### Work task
Beginning with the first line below, retype exactly each line through the one containing "1336 Berkeley St, Unit". Leave out all pictures.

Start of Material to process

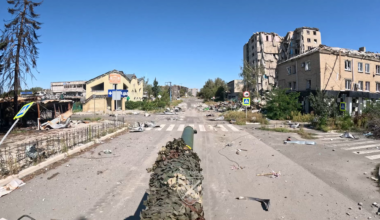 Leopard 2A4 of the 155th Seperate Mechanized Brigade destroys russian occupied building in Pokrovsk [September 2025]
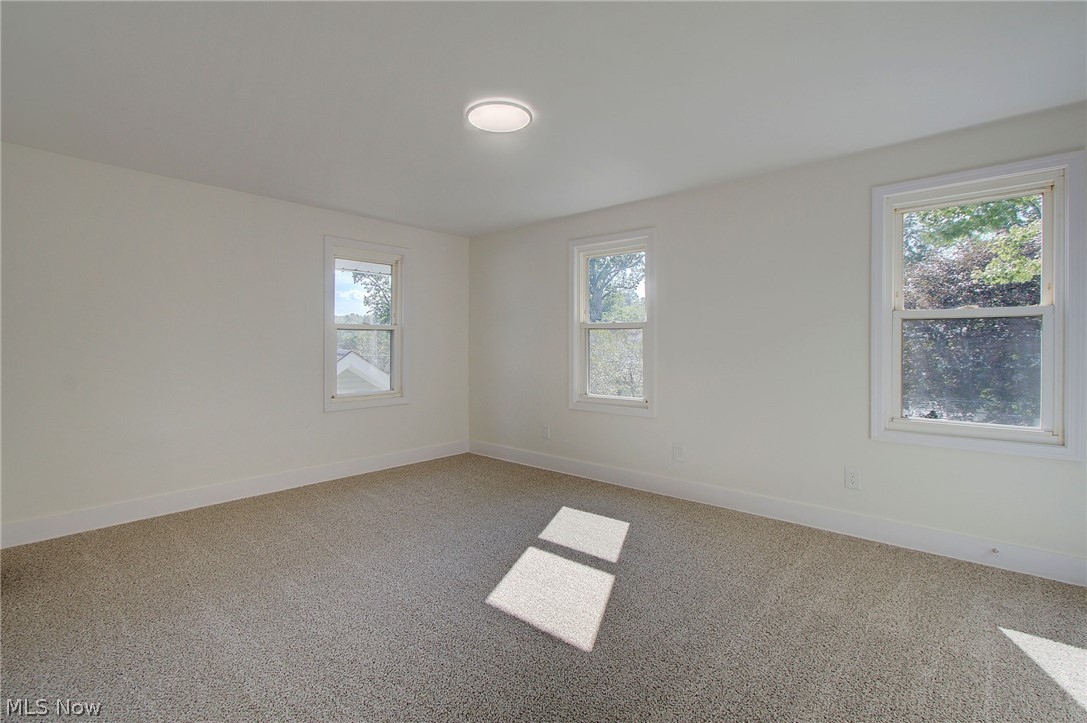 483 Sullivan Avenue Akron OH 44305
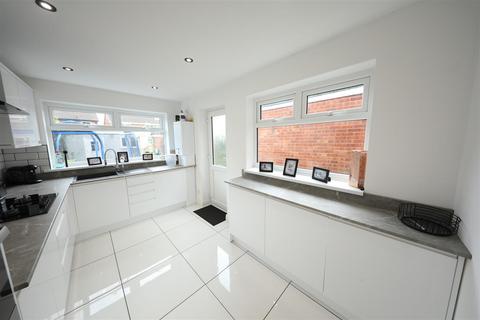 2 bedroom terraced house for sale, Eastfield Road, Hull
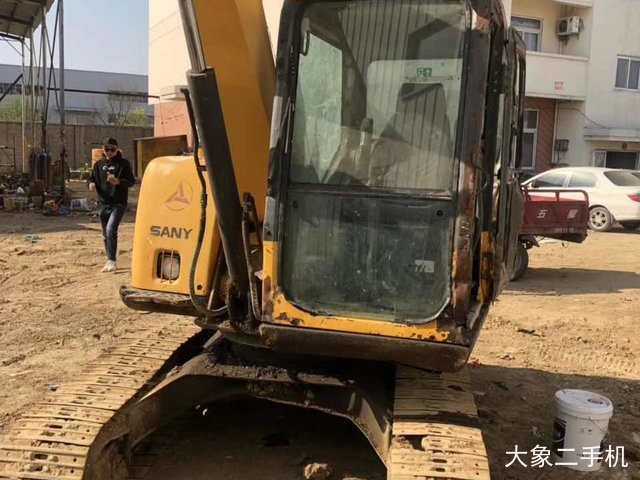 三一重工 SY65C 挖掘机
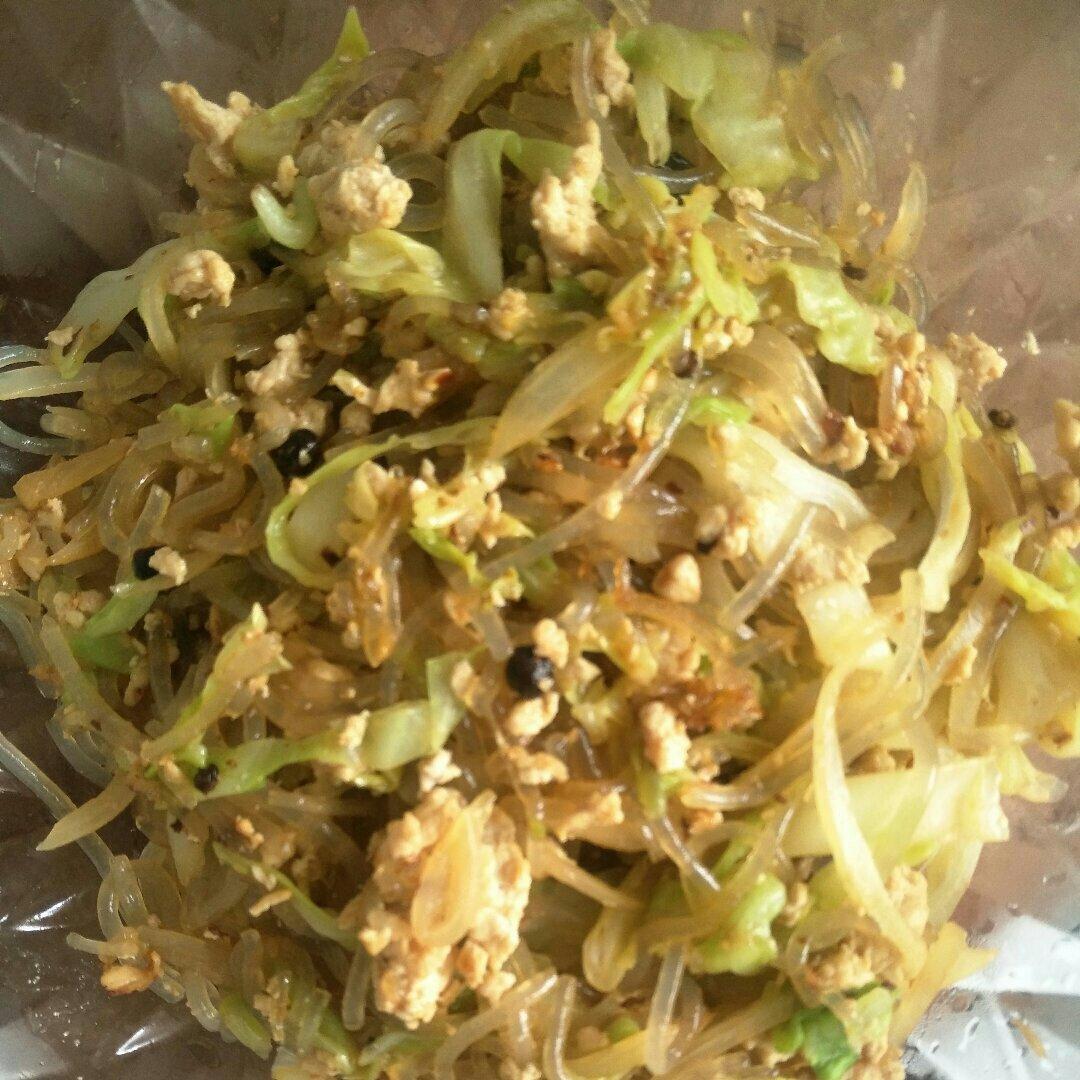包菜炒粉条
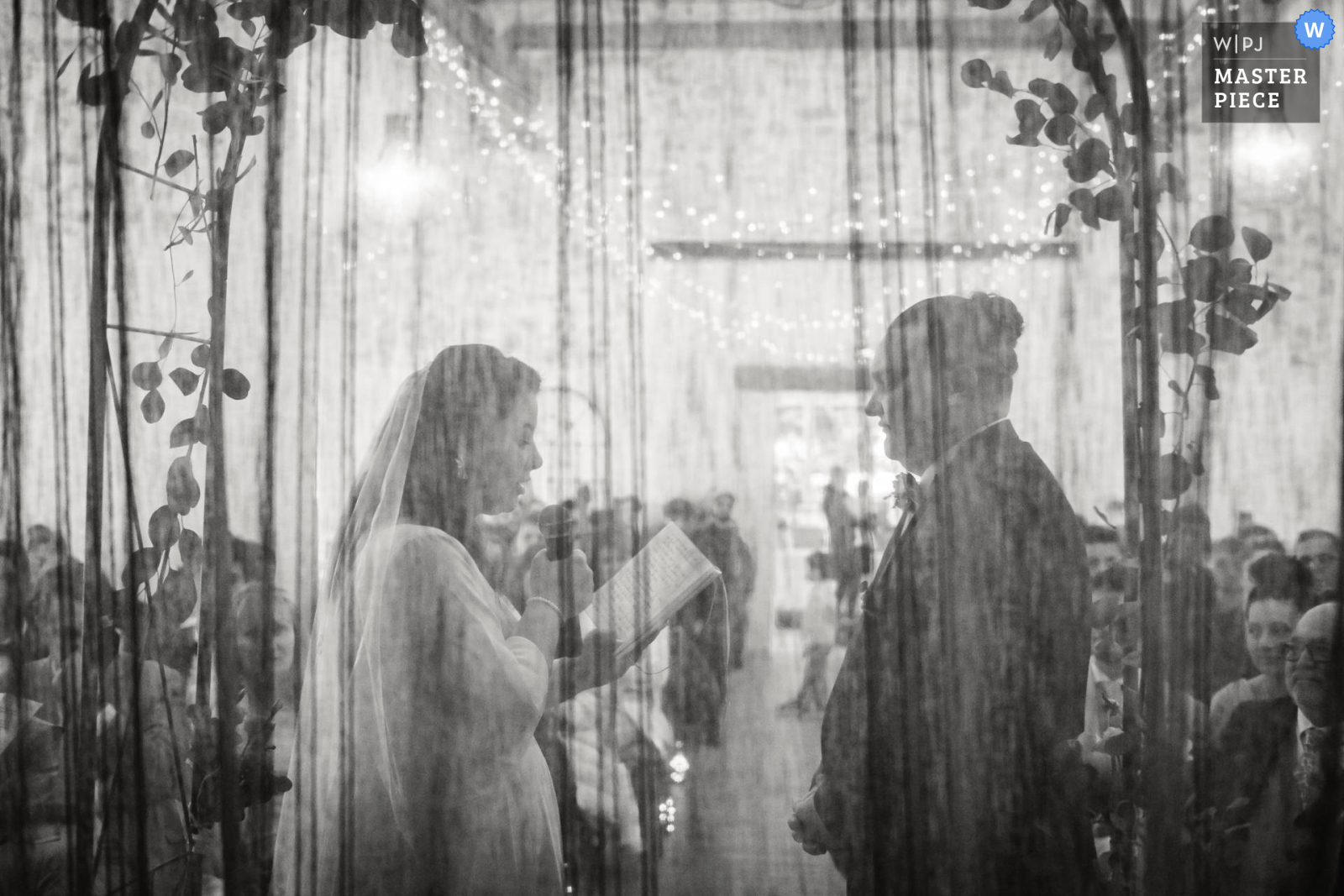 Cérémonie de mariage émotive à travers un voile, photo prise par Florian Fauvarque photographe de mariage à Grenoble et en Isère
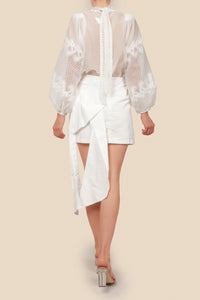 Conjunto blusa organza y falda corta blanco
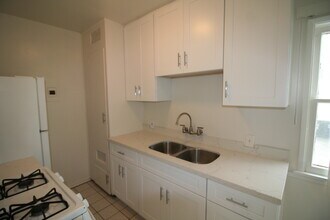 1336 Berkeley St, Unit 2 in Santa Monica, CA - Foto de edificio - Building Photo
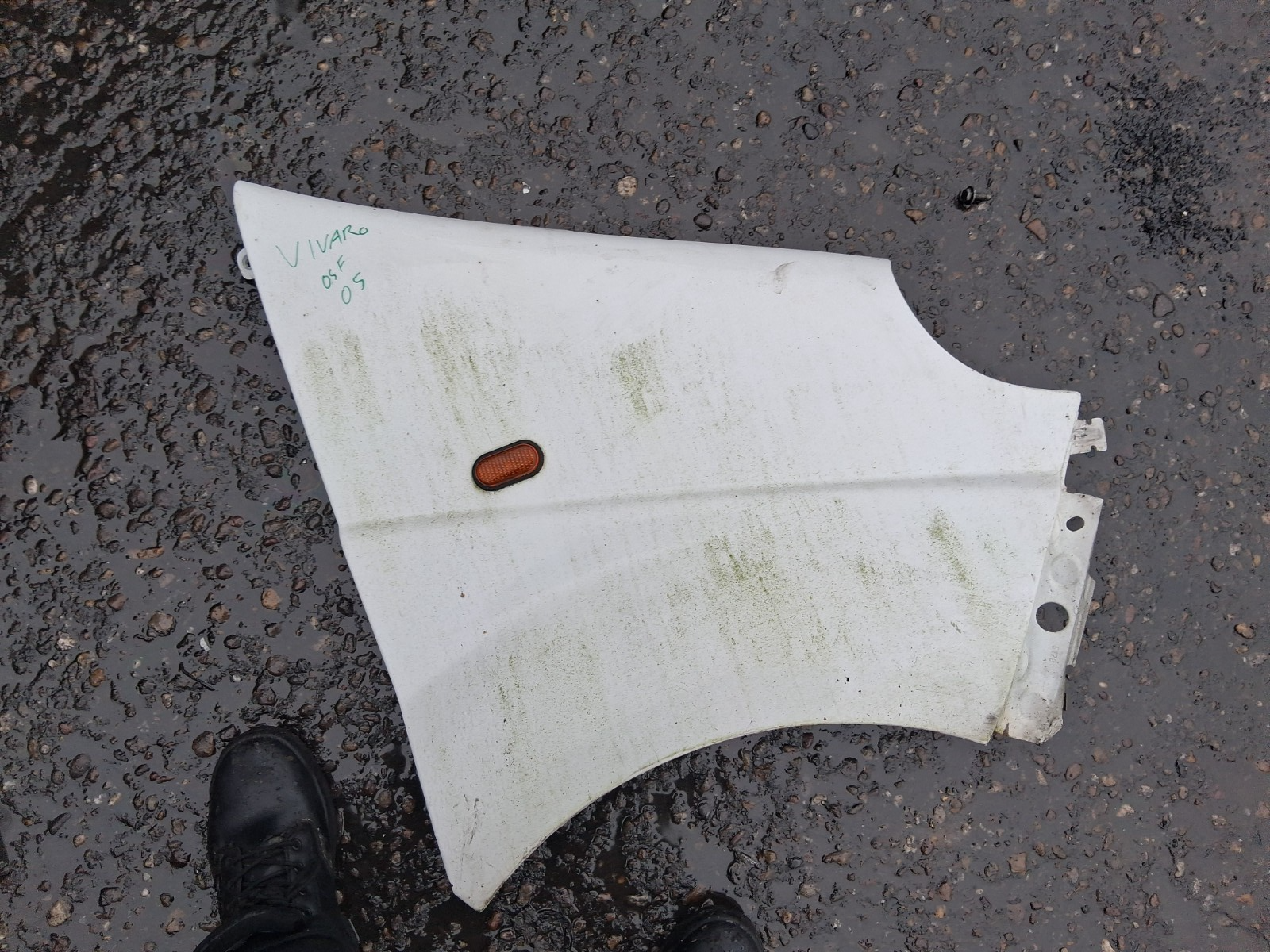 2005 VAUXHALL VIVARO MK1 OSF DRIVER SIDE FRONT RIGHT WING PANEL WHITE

End of Material to process

### Output for this exercise
 Leopard 2A4 of the 155th Seperate Mechanized Brigade destroys russian occupied building in Pokrovsk [September 2025]
 483 Sullivan Avenue Akron OH 44305
 2 bedroom terraced house for sale, Eastfield Road, Hull
 三一重工 SY65C 挖掘机
包菜炒粉条
 Cérémonie de mariage émotive à travers un voile, photo prise par Florian Fauvarque photographe de mariage à Grenoble et en Isère
 Conjunto blusa organza y falda corta blanco
 1336 Berkeley St, Unit 2 in Santa Monica, CA - Foto de edificio - Building Photo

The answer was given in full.